Any others? Ever hear of a “leak-out” agreement? Very appropriately named here.
“Prior to the offering, Jipsy Trade Limited owned an aggregate of 1,485,000 Ordinary Shares, of which 1,485,000 Ordinary Shares are being registered pursuant to the Resale Prospectus. Jipsy Trade Limited’s right to sell those 1,485,000 Ordinary Shares is subject to certain resale restrictions based on a leak-out agreement, as well as any Rule 144 restrictions.”
Those restrictions?
a) Jipsy Trade Limited may sell up to 33% of the Relevant Resale Shares if (i) the Nasdaq Official Closing Price of the Ordinary Shares of the Company as reported on nasdaq.com (“NOCP”) on ally two consecutive trading days equals or exceeds 120% of the offer price per share in the initial public offer; and (ii) the average daily trading volume (as reported as the NLS Volume on nasdaq.com) (“Trading Volume”) of the Ordinary Shares on Nasdaq over such two consecutive trading days equals or exceeds 100,000 Ordinary Shares;
(b) Jipsy Trade Limited may sell up to an additional 33% of the Relevant Resale Shares if (i) the NOCP on any two consecutive trading days equals or exceeds 140% of the offer price per share in the initial public offering; and (ii) the average daily Trading Volume of the Ordinary Shares on the Nasdaq over such two consecutive trading days equals or exceeds 120,000 Ordinary Shares;
(c) Jipsy Trade Limited may sell the remaining 34% of the Relevant Resale Shares if (i) the NOCP on any two consecutive trading days equals or exceeds 160% of the offer price per share in the initial public offering; and (ii) the average daily Trading Volume of the Ordinary Shares on Nasdaq over such two consecutive trading days equals or exceeds 150,000 Ordinary Shares.
The rest of the holders?

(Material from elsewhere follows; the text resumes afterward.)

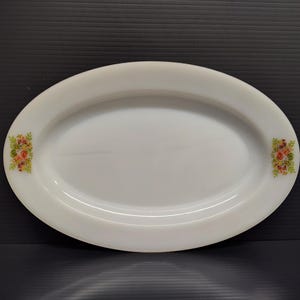 May include: An oval, white serving platter with a floral design on each end. The floral design includes pink, yellow, and orange flowers with green leaves. The platter is made of a smooth, glossy material.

No such lockup or standstill agreements in place, just the standard 144 rules for any of them should they happen to be affiliates.
This thing didn’t need any money. They supposedly raised $24M from those 6 investors just last September, which is more than twice the amount of total equity the company had at the end of March 2023. Selling an additional 1.4M shares in this offering is going to do absolutely nothing for them. Sure, they have a section called “use of proceeds” that is standard in every prospectus, where they will use 30% for prospective acquisitions, and 20% for R&D, and 20% to increase warehouse capacity in their zero growth industry, and the rest to pay the costs of the offering, but that is all boilerplate.
This is yet another blatant example of foreign companies (typically Chinese) looting US shareholders in a very obvious and in-your-face fashion. Until the SEC decides to put an end to this nonsense, the looting will continue.